Larger companies are more bureaucratic than smaller companies. Google is now more bureaucratic than it used to be. One of the ways this can be battled is by reorganizing which is exactly what Google has done recently.

Sean Gourley, Co-founder and CTO of Quid

Sean talked about our eye as an incredible machine with an incredible range. We enhanced our sight through microscopy and telescopy which opened up views towards the very small and the very big. We have yet to develop something that helps us see the very complex. He calls that “macroscopy”. For macroscopy you need:

  • big data
  • algorithms
  • visualization
[youtube=http://www.youtube.com/watch?v=5hGTjhuimH0]

He used this framing for his PhD work on understanding war.
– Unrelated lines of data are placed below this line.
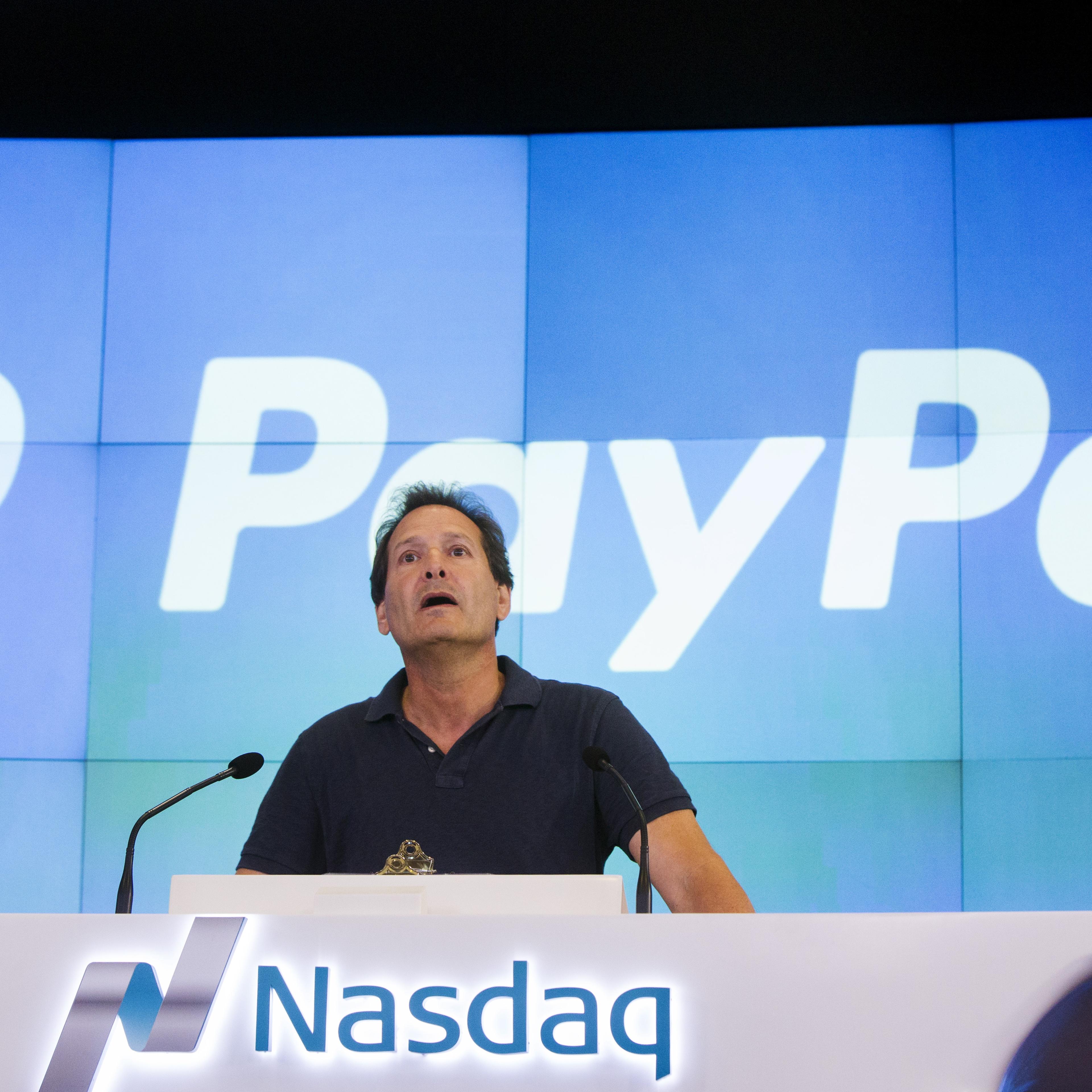 Paypal CEO Dan Schulman takes part in the company's relisting on the Nasdaq in New York
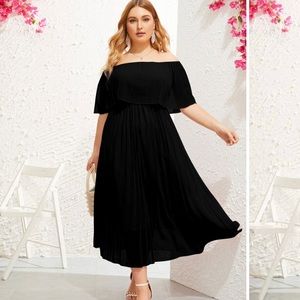 Black accordion off shoulder sheer dress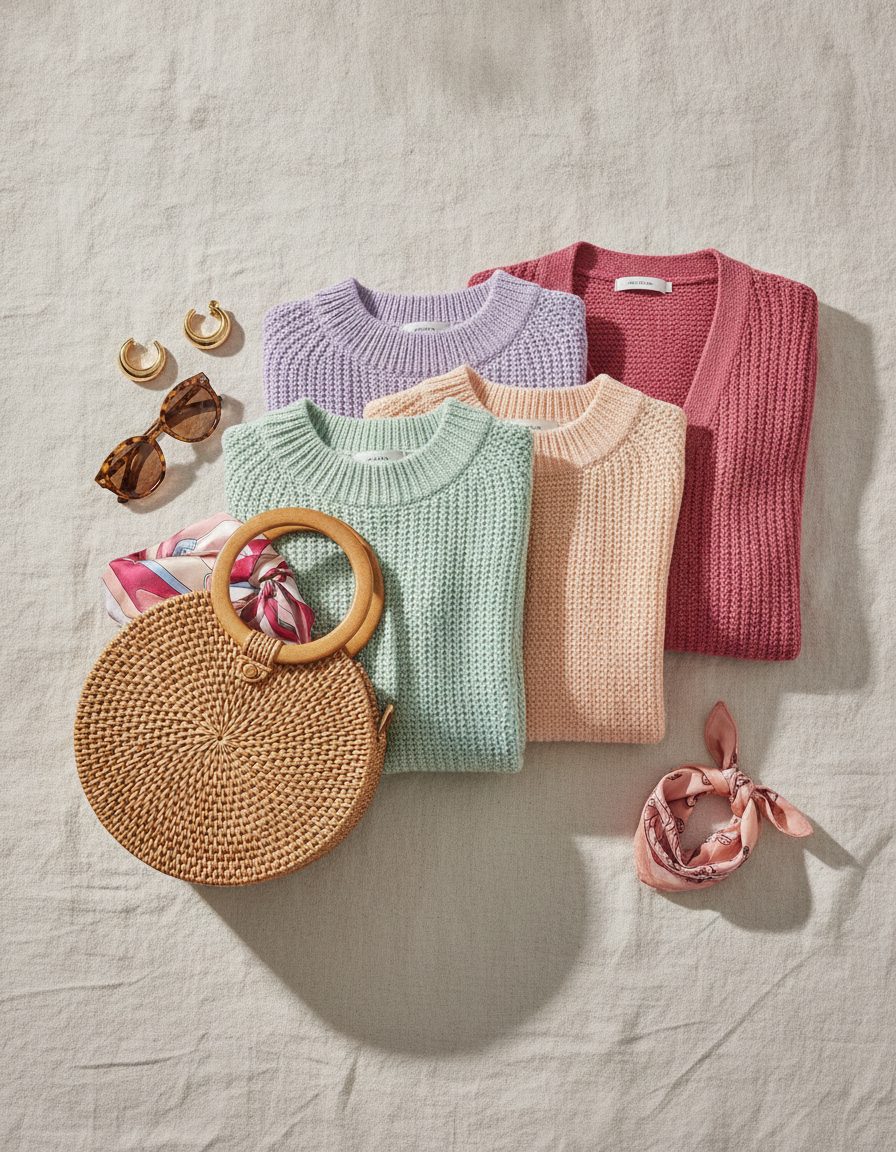 Folded knitwear, a woven bag, gold hoops and sunglasses laid out on warm cream linen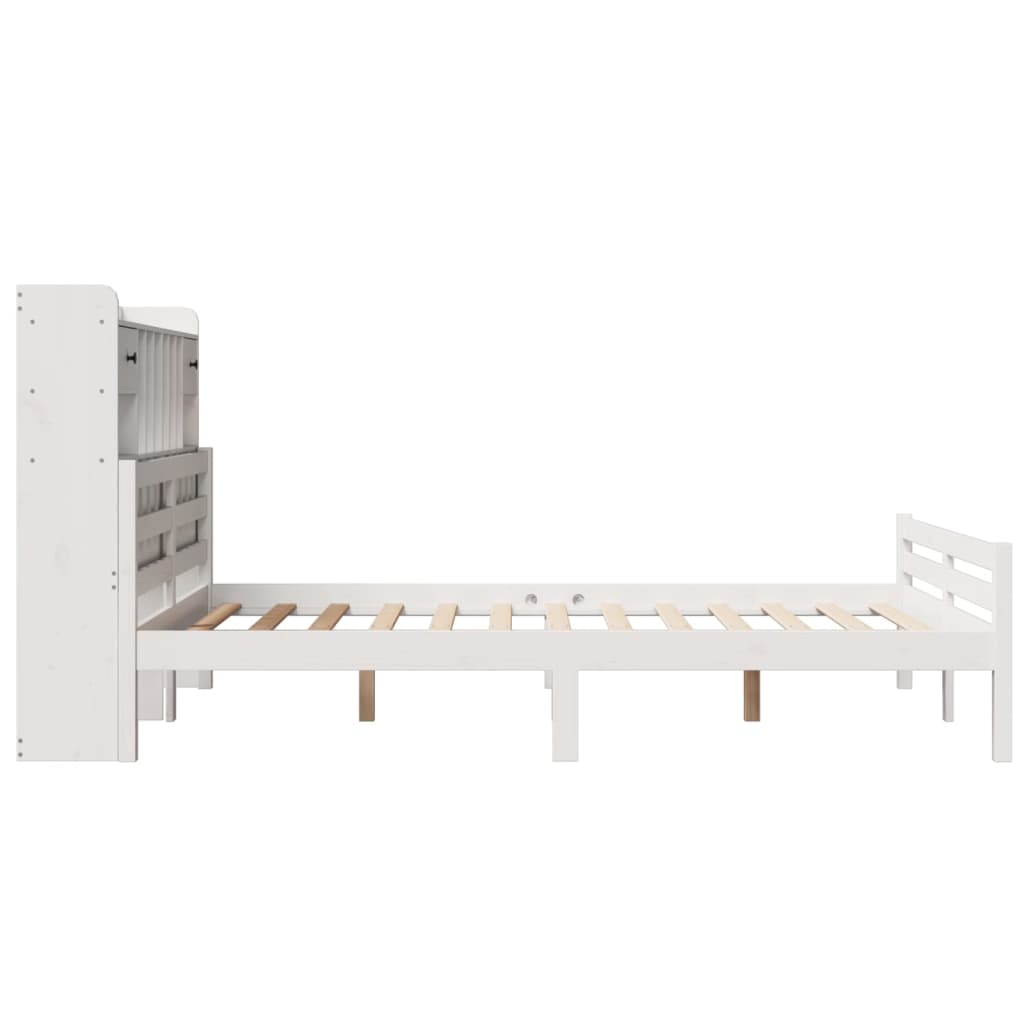vidaXL Pat cu bibliotecă fără saltea, alb, 140x200 cm, lemn masiv pin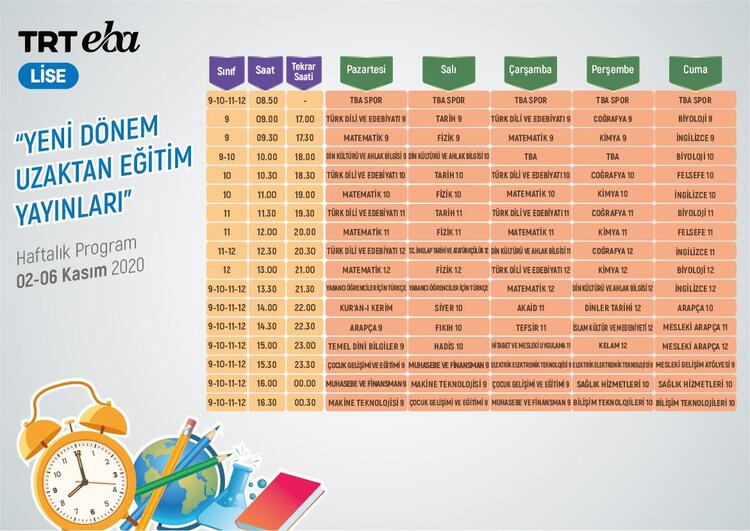 Haftanın EBA ders programı! EBA TV yayın akışı ile haftanın ders programı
His team used publicly available information to analyze the war. When wikileaks leaked the US sig event database they could validate their data set and found that they had 81% coverage. His work was published in Science and in Nature. He decided to take it further though as he really wanted to understand complex systems. They needed to go from 300K in funding and 6 people towards an ambition level of about $100M and a 1000 people. He sought venture capital and had Peter Thiel as his first funder for Quid.

Sean then demoed the Quid software analyzing the term “big data”. Quid allows you to interactively play with the information. They extract entities from the information. So for example there are about 1500 companies involved in the big data space which can be put into different themes allowing you to see the connections between them while also sizing them for influence. Next was a fractal zoom into American Express where they looked at their patents portfolio and explored their IP creating a cognitive map of what it is that American Express does.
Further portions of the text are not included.